А дорога-то и вправду в небо тянется. Идет Микитка по ней, горячий камень ноги жжет, пыль подымается, солнце сверху припекает; но хорошо ему, легко, охота и вовсе в бег сорваться. Только негоже бегать, ему уже десять почти, не постреленок... а дорога выше и выше, уходит вниз обочина с серой травой, и поле, и луг, и рощица березовая уже будто бы не со стороны, а сверху видится, и пруд за ней точно зеркальце отсверкивает, отливает синевой. И колейка Малашкина вон, вытянулась вдоль пруда, глядится рыже-черно-бурыми коровьими спинами. И сама Малашка с муравейчика величиною, но лицо-то видно, светлое, счастливое, радуется она за Микитку, руками машет. И он бы ей помахал, да только знает – нельзя ему останавливаться, дальше идти надо.

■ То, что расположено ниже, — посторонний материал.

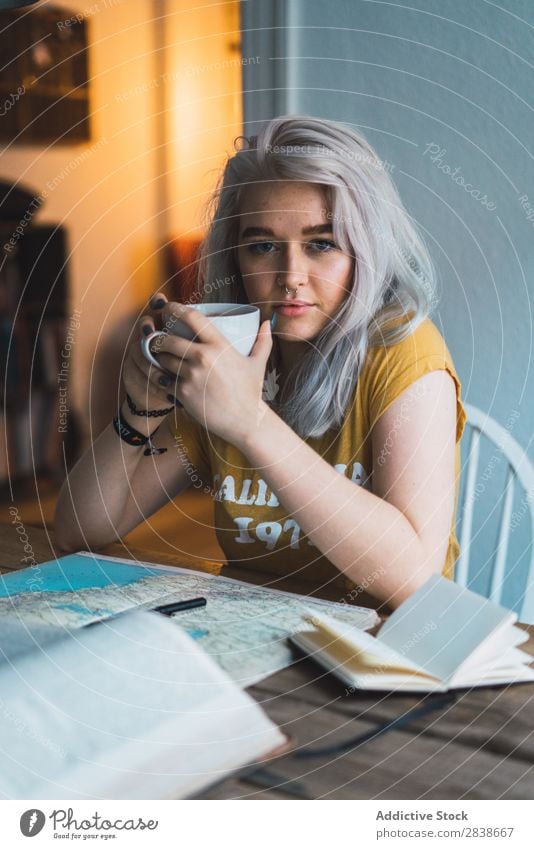 Verträumte Frau mit Tasse hübsch heimwärts Jugendliche blond sitzen Tisch Buch Landkarte Wege & Pfade schön Lifestyle Beautyfotografie Blick in die Kamera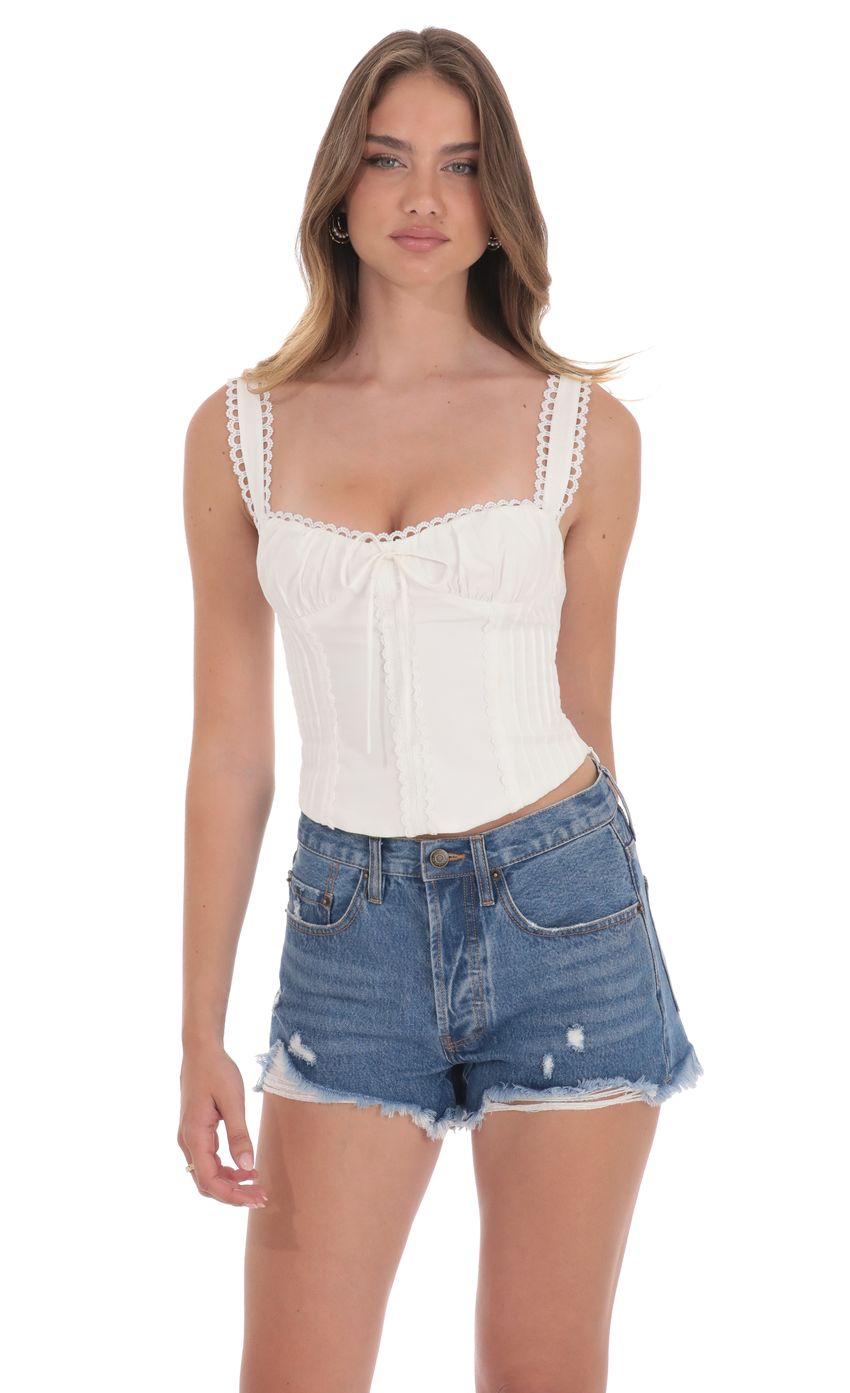 Picture Distressed High Waisted Denim Shorts in Blue. Source: https://media-img.lucyinthesky.com/data/product-media/850xAUTO/abf55eca-9d6f-4ae6-b36c-aa442fcd1d32.jpg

Вот по-над рекой дорога протянулась, плывет, вихляет, повторяет каждый поворот. Озеро... огромное какое. Просто-таки неоглядное, а может, и не озеро вовсе, а море-окиян, за которым страны неизведанные, про каковые Егорке еврей, грамоте обучать нанятый, сказывает. Неужто туда путь? Страшно-то как...
Бегут по-над озером волны, накатывают друг на друга, глубину несказанную скрывая ото всех, но не от Микитки. И видит он, что там, где зелено, там мелко; где синевой вода рядится, там глубже – ходит косяками рыба, дремлют в сплетениях водорослей щуки, спят в омутах сомы. А вот там, где и вовсе озеро черно, – яма глубокая, что твой колодец, и свет солнышка вовнутрь не проникает. Но все одно, видно Микитке и без света, что сидит в ямине, к самому дну прильнув, зверь невиданный. Не щука, не рыба вовсе, а словно бы человек, баба, телом сдобная, богатая, волосом длинная. Да не просто сидит, а гребнем резным, ракушками да жемчугами украшенным, космы чешет. А как счешет волосья, так комкает да в стороночку кидает; те же вверх подымаются, расползаются водой черной, ядовитою. И бледнеют в ней травы, и грязью песочек речной оборачивается, и рыба, ежели хоть бы плавничком коснется, тотчас брюхом кверху кувыркается, а уж если человек попадется, то недолго ему век коротать – сгинет от хвори неведомой.
А баба водяная знай себе чешет...
Ох и страшно стало Микитке, аж дух перехватило, что сейчас заметит его, руку протянет да и стащит с дороги в омут.